I first setup my Airbnb account in 2011 as Hilary, Oliver, and I set out to travel around Europe for 5 weeks. Since then I’ve stayed at dozens of Airbnbs and loved all but one (unfortunately it’s not an interesting story).
Over the years I’ve always wanted to see the other side of it as a host—not just a guest. Though at the same time I didn’t want the potential life disruption renting out a room in our house, and it never seemed worth the effort to rent out our entire house while on a trip. So it never happened.

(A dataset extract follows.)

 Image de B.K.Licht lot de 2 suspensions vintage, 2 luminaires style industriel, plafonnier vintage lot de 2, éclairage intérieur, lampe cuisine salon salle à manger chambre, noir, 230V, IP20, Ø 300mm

A few months ago we bought a small farm—4.6 acres in the middle of the city, but it feels like the country. Hilary has always wanted to have a homestead with farm animals and she finally got her chance. We’ve got lots of fruit trees, raspberries, a large barn, and no shortage of space. Best of all it’s still only 15 minutes from downtown Boise.
The guest house
One of my favorite things about the property is a small guest house on the other side of the orchard from the main house. It’s 550 square feet and has a small kitchen, living room, and even has it’s own little driveway and parking area. Basically everything you could want except for a washer and dryer.
Remodeling
The place was pretty good, but still needed some help. The floors were a mix of old carpet, linoleum, and tile. The kitchen counters and cabinets definitely looked dated. And there was room for it to be a one bedroom place, instead of a studio if we just built another wall and added a door. The wall is done, but the door will have to wait until a time when we have a gap in our guests.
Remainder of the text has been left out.